You have mentioned trauma plot but I think you have answered the question. I believed in the validity of these lives. They(characters) might be fictional but they have a reality, and one of the reasons why maybe Munia’s death is very powerful to me is because it is felt. I did not write it just because killing off a young girl is a shocking way to start. It came out of a lot of grief, it was a complicated grief. At some point in your career you see one death too many, or three or four, or 16, what is the number when you say, Enough? I just wanted to write something that said that this little girl mattered. Even if she is absent in the book, the fact that she was so real in the first few pages allows you to stop and maybe for a moment mourn the rest of them – the people whom you would otherwise walk by.
I don’t think I was worried about what people would think, I was so occupied with doing justice to the characters. I don’t think we should write stories being fearful of how they are going to be received. Arundhati Roy has some brilliant things to say about the limits of cultural appropriation, she is not against it, but she is pointing out where there is a certain trap. I think there is a way to write which is imbued with respect and where you try to honour the integrity of other people’s life, you don’t write so much as an outsider, you write as somebody as someone who has invisibilised themselves as much as possible in order to bring a refracted truth. If you can do justice to those lives, that is it.
Everyone has to come up against the beliefs of their times and come to their own compass. Why is it that some of the writers we admire are people who found their own path, the only thing I kept on asking from my early readers was had I done justice to the book. I was only concerned about that, I was answerable to my characters.
How did you start writing book critiques?
I think it was the kindness of other people. I wrote a book review for Biblio when I was 15. I used to write a lot. And they were very encouraging to the young me. Years later, Tony Joseph, who was my first boss at the Business Standard sent me an assignment. Instead of the classic entry test they send you, he asked me to write a review of Vikram Seth’s A Suitable Boy. So I found myself sweating over this, trying to read the book in the middle of a Delhi summer – we were a very young couple and we had no air conditioning. I sat there reading the book for two nights and I completely forgot about the power cuts. I wrote a review and the paper actually carried it and that’s how it started.

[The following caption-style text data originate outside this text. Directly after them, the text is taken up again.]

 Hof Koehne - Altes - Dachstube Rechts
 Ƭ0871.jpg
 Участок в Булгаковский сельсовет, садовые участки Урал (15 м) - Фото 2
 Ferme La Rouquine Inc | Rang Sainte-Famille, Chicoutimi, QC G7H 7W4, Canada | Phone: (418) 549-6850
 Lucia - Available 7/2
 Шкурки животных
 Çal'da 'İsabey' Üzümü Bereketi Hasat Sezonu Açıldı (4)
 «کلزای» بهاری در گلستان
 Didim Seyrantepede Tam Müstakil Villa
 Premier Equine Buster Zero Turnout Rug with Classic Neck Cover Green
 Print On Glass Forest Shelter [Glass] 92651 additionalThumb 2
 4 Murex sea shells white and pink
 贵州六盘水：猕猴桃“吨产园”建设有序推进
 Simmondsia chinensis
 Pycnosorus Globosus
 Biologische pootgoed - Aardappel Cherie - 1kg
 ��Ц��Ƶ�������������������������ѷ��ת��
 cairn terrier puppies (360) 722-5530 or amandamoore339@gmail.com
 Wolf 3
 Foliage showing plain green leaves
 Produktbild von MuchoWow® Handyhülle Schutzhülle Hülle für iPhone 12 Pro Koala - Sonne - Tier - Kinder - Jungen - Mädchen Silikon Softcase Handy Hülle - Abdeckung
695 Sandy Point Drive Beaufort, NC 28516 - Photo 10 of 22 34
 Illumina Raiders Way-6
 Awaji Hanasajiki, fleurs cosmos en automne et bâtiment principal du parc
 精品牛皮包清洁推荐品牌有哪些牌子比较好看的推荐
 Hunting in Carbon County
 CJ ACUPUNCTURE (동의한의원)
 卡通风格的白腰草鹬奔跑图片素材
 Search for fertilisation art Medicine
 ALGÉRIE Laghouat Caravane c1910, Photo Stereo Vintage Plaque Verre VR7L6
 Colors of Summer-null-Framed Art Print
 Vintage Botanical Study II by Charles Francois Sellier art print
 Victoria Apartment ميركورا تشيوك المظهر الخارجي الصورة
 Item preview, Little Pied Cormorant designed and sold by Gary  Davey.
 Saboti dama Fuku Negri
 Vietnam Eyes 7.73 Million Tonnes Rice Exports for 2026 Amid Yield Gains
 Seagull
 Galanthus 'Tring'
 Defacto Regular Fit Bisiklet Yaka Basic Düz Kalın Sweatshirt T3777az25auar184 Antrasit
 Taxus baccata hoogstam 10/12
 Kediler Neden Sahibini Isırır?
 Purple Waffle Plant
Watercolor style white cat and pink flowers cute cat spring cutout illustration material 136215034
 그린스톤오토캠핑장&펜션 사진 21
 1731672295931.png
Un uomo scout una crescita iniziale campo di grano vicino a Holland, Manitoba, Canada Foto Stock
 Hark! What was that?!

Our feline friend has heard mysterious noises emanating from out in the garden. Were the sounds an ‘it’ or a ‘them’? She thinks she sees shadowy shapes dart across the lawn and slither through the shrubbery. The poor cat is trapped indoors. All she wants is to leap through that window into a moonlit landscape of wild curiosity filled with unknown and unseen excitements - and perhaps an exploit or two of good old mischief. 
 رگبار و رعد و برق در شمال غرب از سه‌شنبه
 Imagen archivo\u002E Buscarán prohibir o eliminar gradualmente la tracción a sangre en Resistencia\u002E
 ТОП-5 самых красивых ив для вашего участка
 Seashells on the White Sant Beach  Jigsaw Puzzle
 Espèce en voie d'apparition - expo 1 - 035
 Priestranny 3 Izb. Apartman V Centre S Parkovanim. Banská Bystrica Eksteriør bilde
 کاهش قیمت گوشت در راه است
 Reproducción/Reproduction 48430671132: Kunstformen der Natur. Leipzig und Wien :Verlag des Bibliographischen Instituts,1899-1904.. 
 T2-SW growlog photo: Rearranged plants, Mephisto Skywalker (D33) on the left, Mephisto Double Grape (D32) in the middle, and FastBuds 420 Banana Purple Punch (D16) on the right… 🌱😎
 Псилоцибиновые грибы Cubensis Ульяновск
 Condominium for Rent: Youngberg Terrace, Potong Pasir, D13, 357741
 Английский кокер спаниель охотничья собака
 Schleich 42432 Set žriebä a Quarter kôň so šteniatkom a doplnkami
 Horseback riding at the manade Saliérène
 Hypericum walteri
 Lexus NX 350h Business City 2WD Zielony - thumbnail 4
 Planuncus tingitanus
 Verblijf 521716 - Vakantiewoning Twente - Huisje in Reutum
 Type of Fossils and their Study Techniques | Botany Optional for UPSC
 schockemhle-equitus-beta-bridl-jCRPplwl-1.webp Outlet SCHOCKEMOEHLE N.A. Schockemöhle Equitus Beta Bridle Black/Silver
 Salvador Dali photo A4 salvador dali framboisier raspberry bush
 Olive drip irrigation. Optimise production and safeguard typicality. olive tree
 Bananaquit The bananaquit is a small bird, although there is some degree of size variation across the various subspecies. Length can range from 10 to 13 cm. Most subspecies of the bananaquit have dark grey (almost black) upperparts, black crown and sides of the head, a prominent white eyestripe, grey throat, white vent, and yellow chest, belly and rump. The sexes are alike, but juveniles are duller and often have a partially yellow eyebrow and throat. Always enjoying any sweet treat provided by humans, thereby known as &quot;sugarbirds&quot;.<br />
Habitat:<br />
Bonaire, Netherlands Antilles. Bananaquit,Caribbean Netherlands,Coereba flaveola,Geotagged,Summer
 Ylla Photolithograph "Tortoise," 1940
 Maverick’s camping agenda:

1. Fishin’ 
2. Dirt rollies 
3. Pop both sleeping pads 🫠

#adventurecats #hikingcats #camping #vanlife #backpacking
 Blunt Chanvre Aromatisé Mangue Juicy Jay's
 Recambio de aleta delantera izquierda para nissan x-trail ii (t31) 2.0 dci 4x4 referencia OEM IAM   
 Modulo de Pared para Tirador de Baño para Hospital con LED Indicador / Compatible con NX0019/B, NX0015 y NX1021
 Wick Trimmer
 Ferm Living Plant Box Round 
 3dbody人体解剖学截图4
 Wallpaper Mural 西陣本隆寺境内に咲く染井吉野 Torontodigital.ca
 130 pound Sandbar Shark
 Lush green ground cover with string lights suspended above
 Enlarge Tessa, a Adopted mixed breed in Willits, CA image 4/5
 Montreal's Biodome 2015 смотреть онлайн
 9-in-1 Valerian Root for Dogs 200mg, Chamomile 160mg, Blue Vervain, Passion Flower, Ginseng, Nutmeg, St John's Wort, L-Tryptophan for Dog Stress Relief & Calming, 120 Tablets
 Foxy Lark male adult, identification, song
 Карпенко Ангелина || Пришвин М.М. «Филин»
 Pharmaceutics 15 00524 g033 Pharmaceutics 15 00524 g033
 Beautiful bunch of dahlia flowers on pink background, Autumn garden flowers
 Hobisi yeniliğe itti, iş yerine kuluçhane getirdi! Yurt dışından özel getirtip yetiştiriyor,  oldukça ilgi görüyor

A book review can be so much more, the idea that books are separate from real life or cut off from real life is not true. The book review column can carry so much. Sometimes you can put yourself up as a judgemental authority but to keep a conversation going between yourself and the readers is important, and that’s what makes it so powerful.
The craft of reviewing the book is very different craft because you are bringing your lived experiences to the book, trying to separate out prejudices and to a certain extent the question you are asking is, “Is this book good or not good? What does this conversation add to? What does it bring in? Is it going to be timeless or is it a beautiful book that is going to last for one season?”